Ratul Banerjee, who took HBX CORe, Harvard Business School’s much-hyped online learning initiative, says: “It's one of the best platforms I’ve ever seen. It lets you connect with peers in your cohort through the online system, making the learning collaborative.”
Capitalizing on the disruption are the purveyors of Moocs, or massive open online courses, which have evolved into full-fat degree providers. “We’ve made significant progress in just the past year,” says Julia Stiglitz, director of business development at Coursera.
The online learning company’s Specializations — certificated courses — have helped the site expand to 17 million users. Among the most popular are in data science, digital marketing and entrepreneurship.
These disruptive start-ups have contributed to a mass shift in the education scene.
Tech is uprooting the traditional lecture-based model. “Business education is transitioning to a hybrid business model where ‘all-you-can-learn’ digital offerings will coexist with highly-customized, sophisticated, residential course deliveries,” says Ivan Bofarull, director of the Global Intelligence Office at ESADE Business School.

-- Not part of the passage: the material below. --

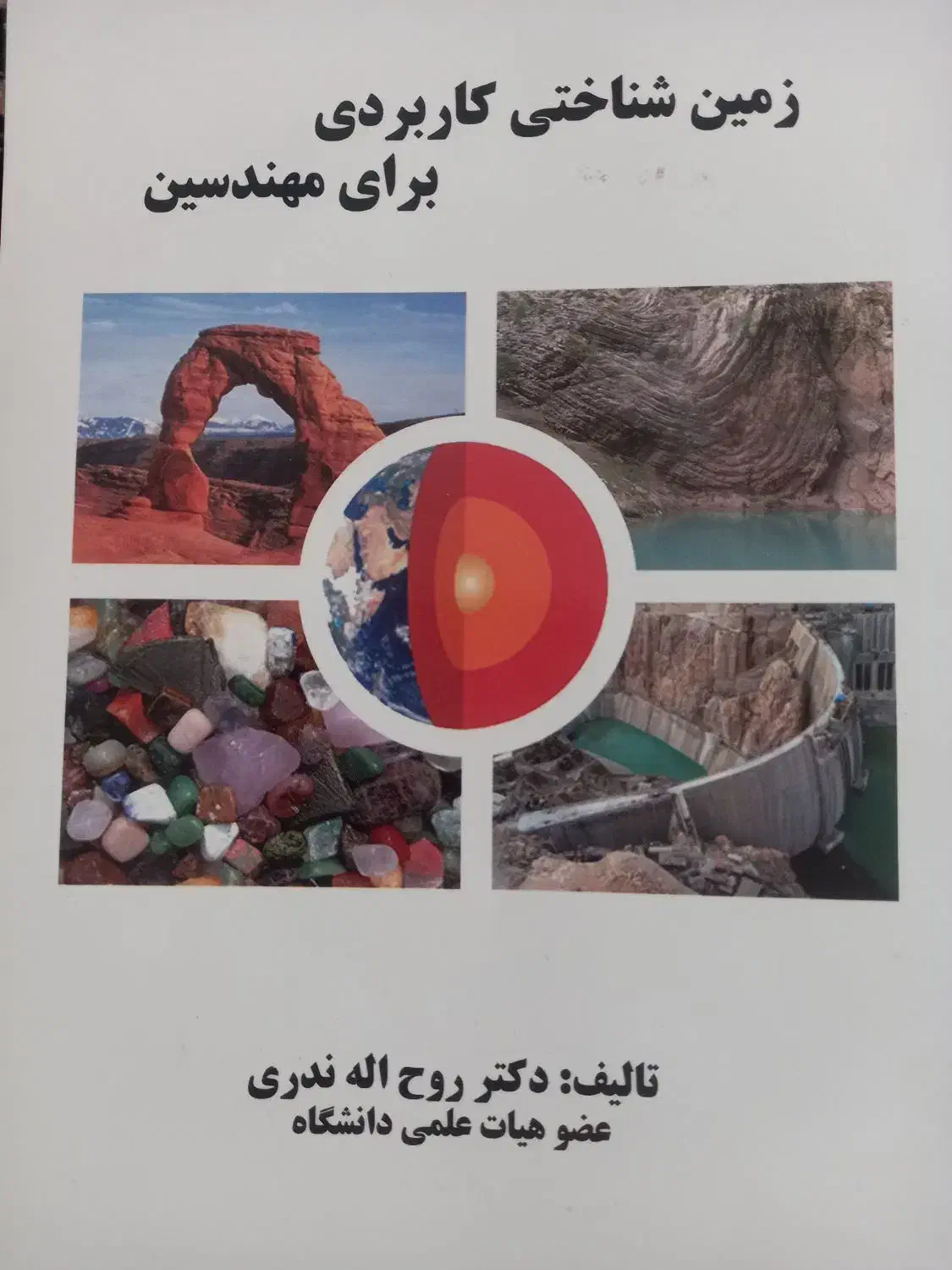 زمین شناسی دکتر ندری (دانشجویان شهاب دانش)|کتاب و مجله آموزشی|قم, سربخش|دیوار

Tuition based universities are now giving away their content online — and for free. Stanford’s free courses on machine learning have enrolled more than 100,000 students. The trend mirrors the “freemium model” used successfully by businesses such as LinkedIn and Dropbox. Schools, particularly ones with brand recognition like Yale, believe it will allow them to capture larger, global audiences.
But this model has opened the floodgates to dozens of online learning companies that offer free content, but also paid-for programs that are careers-focused.

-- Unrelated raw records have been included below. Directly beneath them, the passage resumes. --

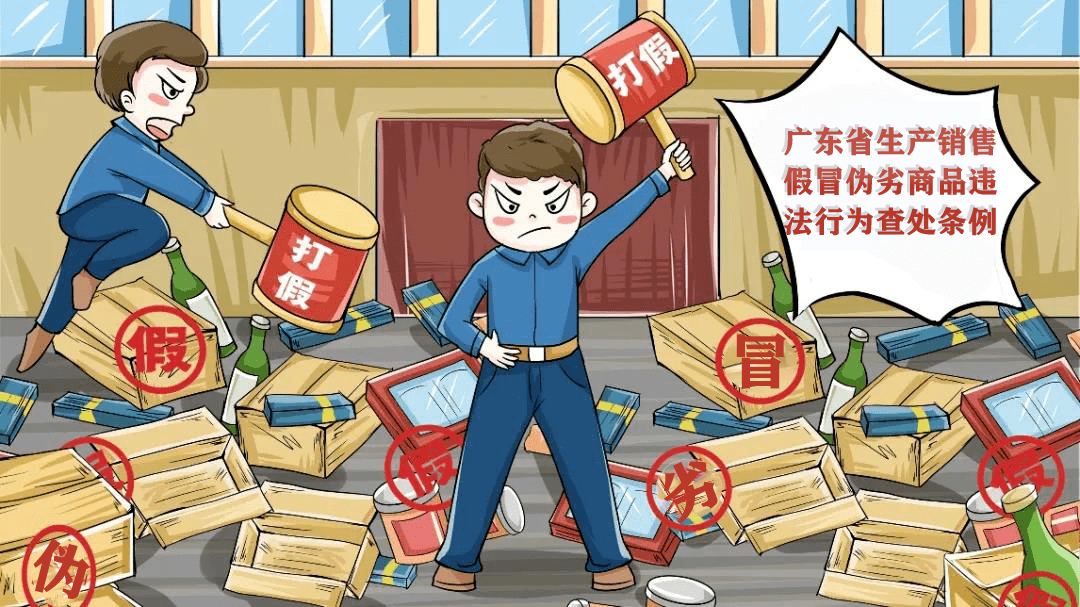 广州销毁公司【伪劣不合格罚没食品报废处理】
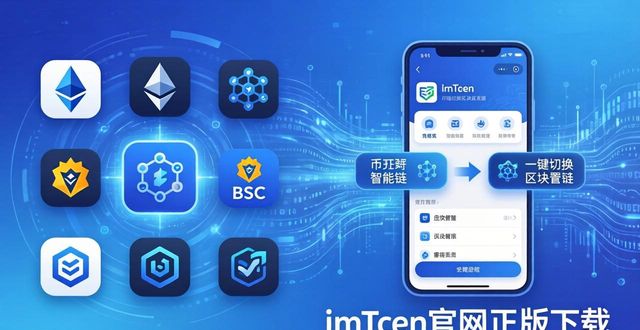 imToken官网正版下载：灵活配置资产，优化回报与风控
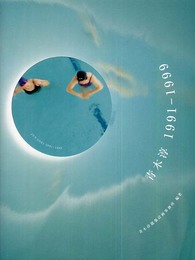 青木淳1991-1999 (建築文化シナジー)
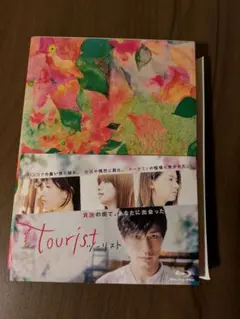 tourist ツーリスト Blu-ray BOX〈2枚組〉
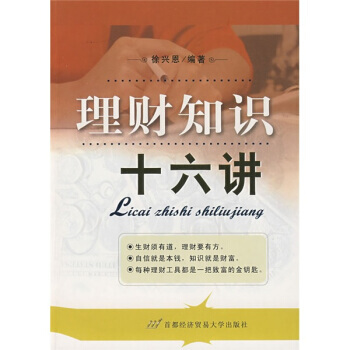 理財知識十六講 pdf epub mobi 電子書 下載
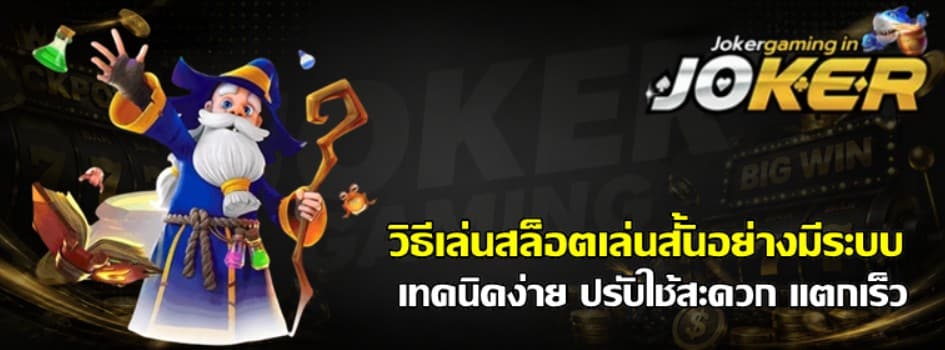 วิธีเล่นสล็อต-joker-gaming-เล่นสั้นอย่างมีระบบ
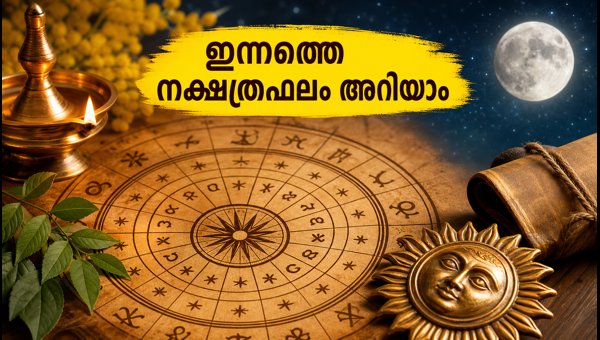 Daily Horoscope October 3 2026: Thiruvathira Nakshatra Predictions and Auspicious Timings Daily Horoscope October 3 2026: Thiruvathira Nakshatra Predictions and Auspicious Timings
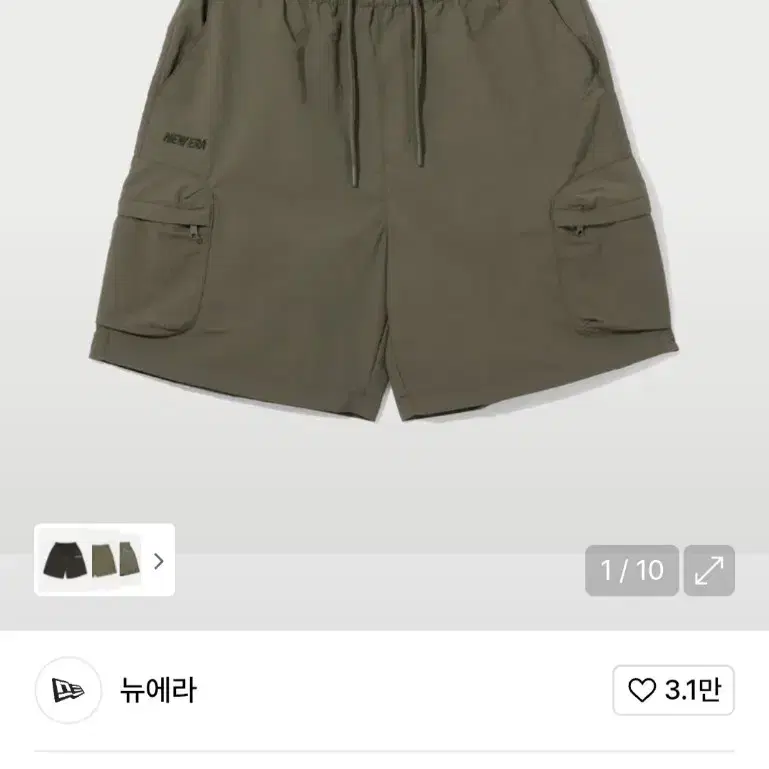 (실착2회) 뉴에라 카고반바지 카키 남여공용 S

Udacity has been among the most successful in this realm. It’s “Nanodegree” programs are backed by Google, Facebook, and Amazon. “For us, helping people learn so they can advance their careers is the cornerstone of online education,” says Vish Makhijani, Udacity’s chief operating officer.
But can moneyed Silicon Valley start-ups really compete with Harvard, Stanford, or MIT?
Competition is rife for business schools but many insiders say their superior brands cannot be matched by digital upstarts. “People who have thought more about this than I have had said, yes, there is some threat to the traditional university model,” admits Anne Trumbore, director of Wharton’s online learning platform.
But she adds: “I don’t think anything is ever going to replace sitting in the classroom with an instructor physically present.”
Some believe that there is no substitute for classroom based learning. Yet most agree that a hybrid model, blending bricks and clicks, is now key to attracting busy young managers.
“Blended learning enhances the student experience,” says Phil Powell, chair of the online MBA at Indiana’s Kelley School of Business.
“An online program provides that flexibility for employees,” he adds, allowing them to balance work, family and other commitments.
For biz ed, 2016 — and beyond — could be a year of continued disruptive innovation. “We will see a lot of innovation in delivery models and program features over the next five to 10 years,” says William Lamb, dean of Babson College. But will schools move fast enough to avoid irrelevance?
Watch this space.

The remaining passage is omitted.